**Task directions:** Verbatim copy, images omitted: return the full listing.

**Data segment:**
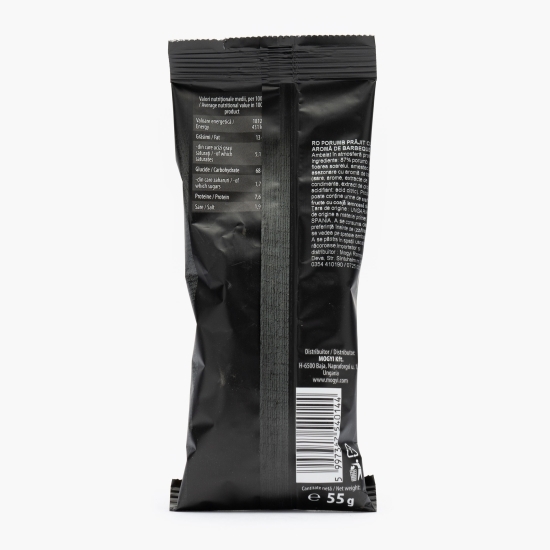 Porumb prăjit Mexicorn cu barbeque 55g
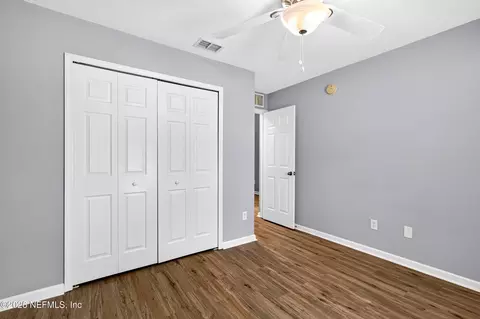 Bedroom - 86269 Venetian Ave, Yulee, FL 32097 photo 3 of 3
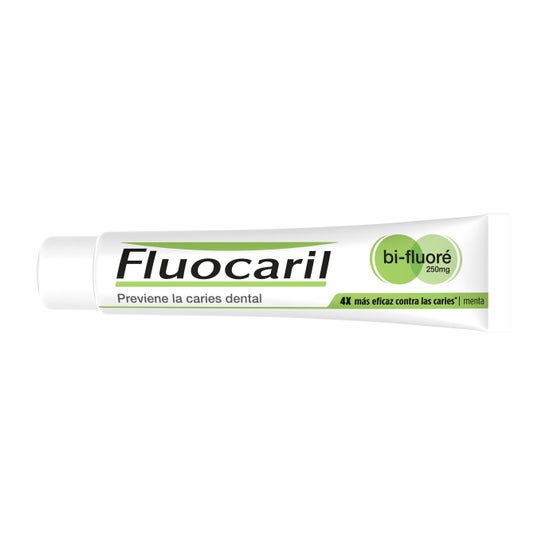 Fluocaril® Bi-Fluoride 250mg 125ml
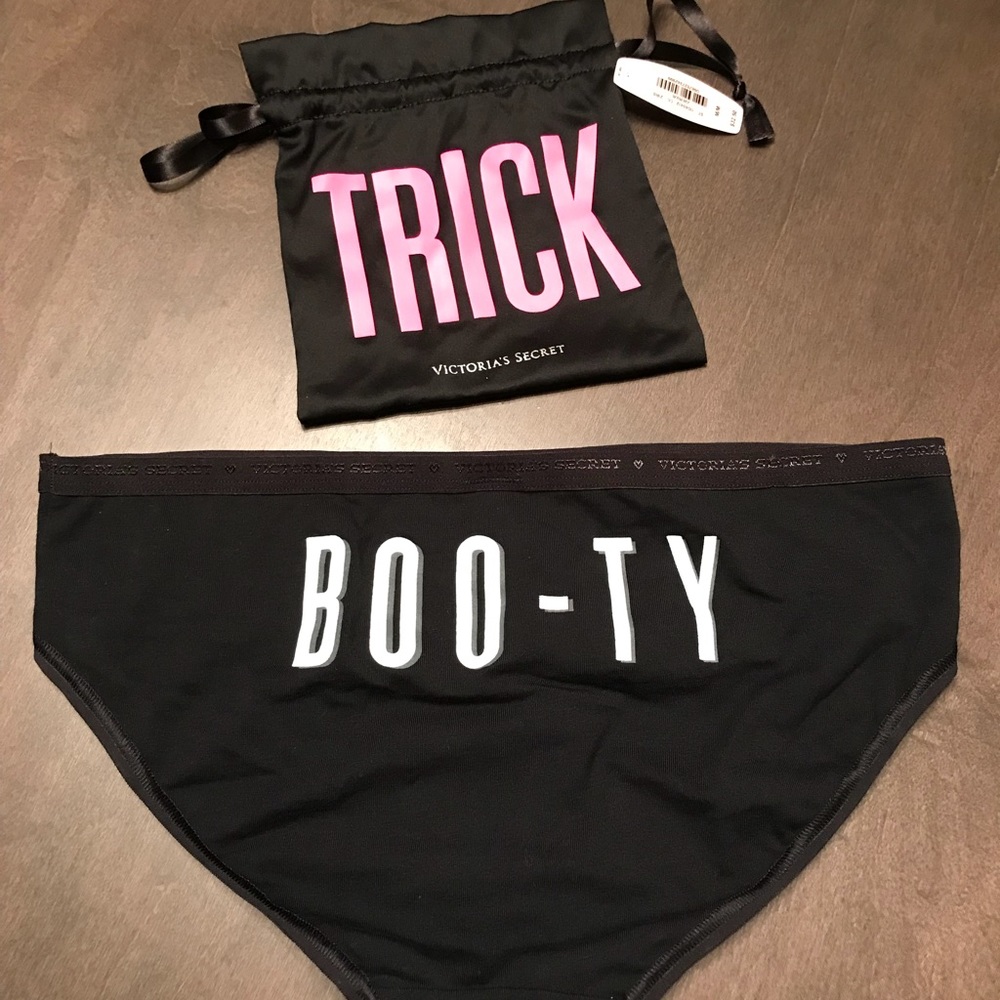 Trick or Treat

**Result:**
 Porumb prăjit Mexicorn cu barbeque 55g
 Bedroom - 86269 Venetian Ave, Yulee, FL 32097 photo 3 of 3
 Fluocaril® Bi-Fluoride 250mg 125ml
 Trick or Treat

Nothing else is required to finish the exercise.